New ‘KRACK’ bug puts millions of devices at risk and affects anyone using Wi-Fi, says security expert.
Details of a newly discovered WPA2 (Wi-Fi Protected Access II) flaw have been made by Mathy Vanhoef, a security expert from Belgian university KU Leuven.
The bug, known as ‘KRACK’, (for Key Reinstallation Attack), has exposed a fundamental flaw in WPA2, the most common protocol used in securing most modern wireless networks. According to Mathy Vanhoef, the weakness lies in the protocol’s four-way handshake, which securely allows new devices with a pre-shared password to join networks.
He said: “The attack works against all modern protected Wi-Fi networks. Depending on the network configuration, it is also possible to inject and manipulate data. For example, an attacker might be able to inject ransom-ware or other malware into websites… The weaknesses are in the Wi-Fi standard itself, and not in individual products or implementations. Therefore, any correct implementation of WPA2 is likely affected.”
All at risk
The findings mean that the previously robust security protocol used to protect the vast majority of Wi-Fi connections is no longer secure. The flaw potentially exposes all wireless internet traffic regardless of how ‘secure’ otherwise a wireless network may be, to malicious eavesdroppers and attacks.
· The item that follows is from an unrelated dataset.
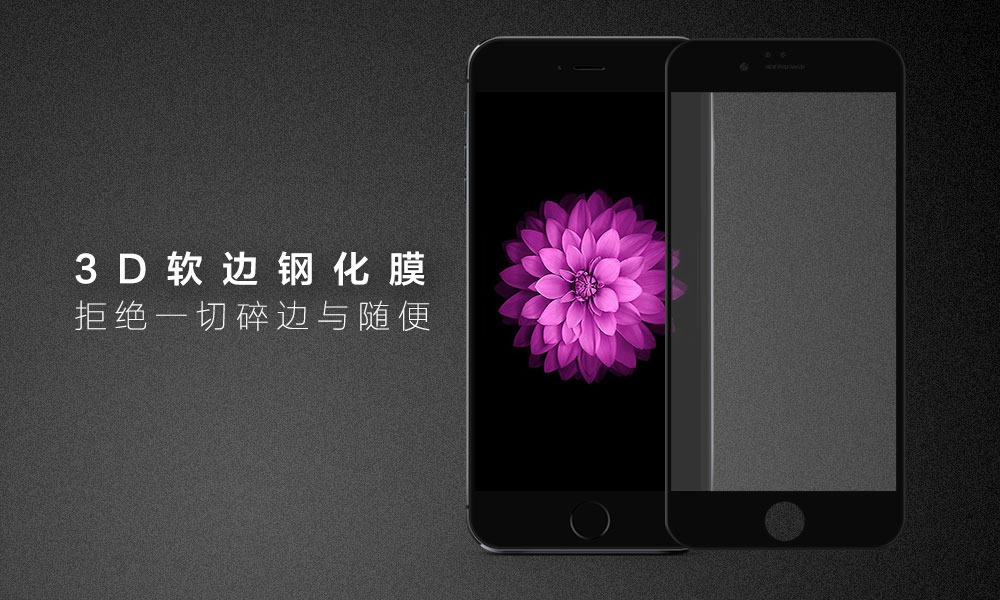 I6软边_01.jpg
Crucially, KRACK bypasses password protection, meaning that every device connected to a Wi-Fi network is vulnerable and “attackers can use this novel attack technique to read information that was previously assumed to be safely encrypted,” says Vanhoef’s report. “This can be abused to steal sensitive information such as credit card numbers, passwords, chat messages, emails, photos and so on” – regardless of whatever other security has been implemented.
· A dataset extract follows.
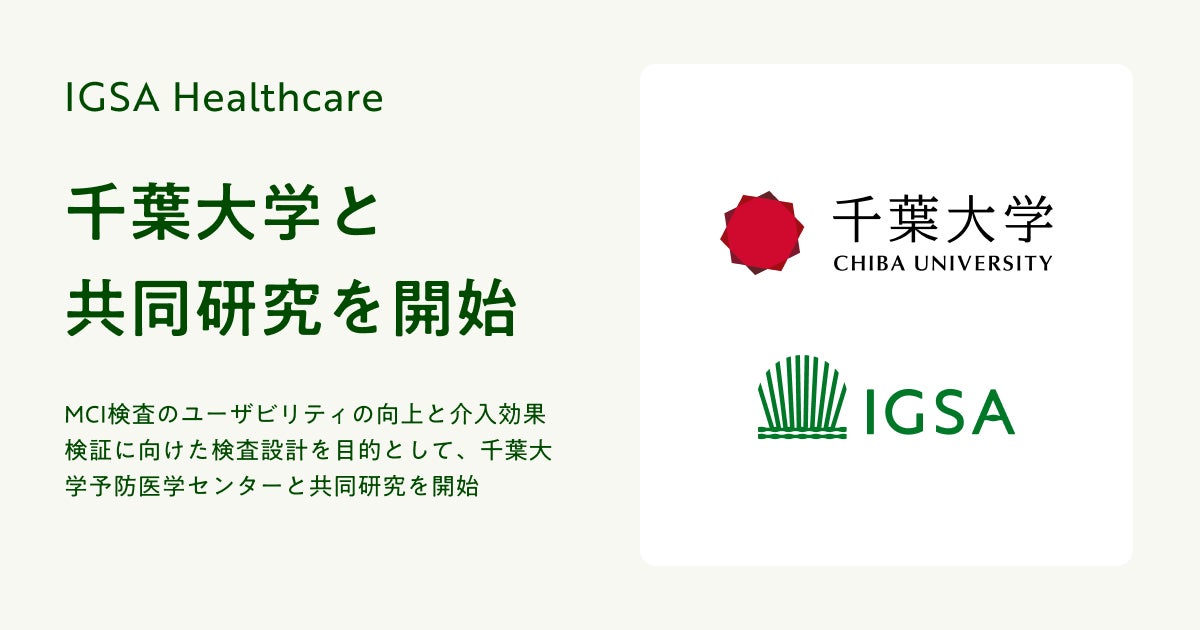 IGSAと千葉大学、音声解析を用いた認知機能検査アプリのユーザビリティ向上に向けた共同研究を開始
“During our initial research, we discovered ourselves that Android, Linux, Apple, Windows, OpenBSD, MediaTek, Linksys, and others, are all affected by some variant of the attacks.” Or basically everything, not to put too fine a point on it…
Are we all doomed?
Not necessarily. Not yet anyway.
For one thing, despite the severity of the issue, attackers need to be close physically to a Wi-Fi access point to carry out an attack. The research data was also released to device manufacturers several months ago, and the issue should be fixed by backward compatible updates, and users should update their routers and devices as soon as possible. According to the Guardian website, Microsoft have already released a patch, while Google said it would be releasing one in the coming weeks.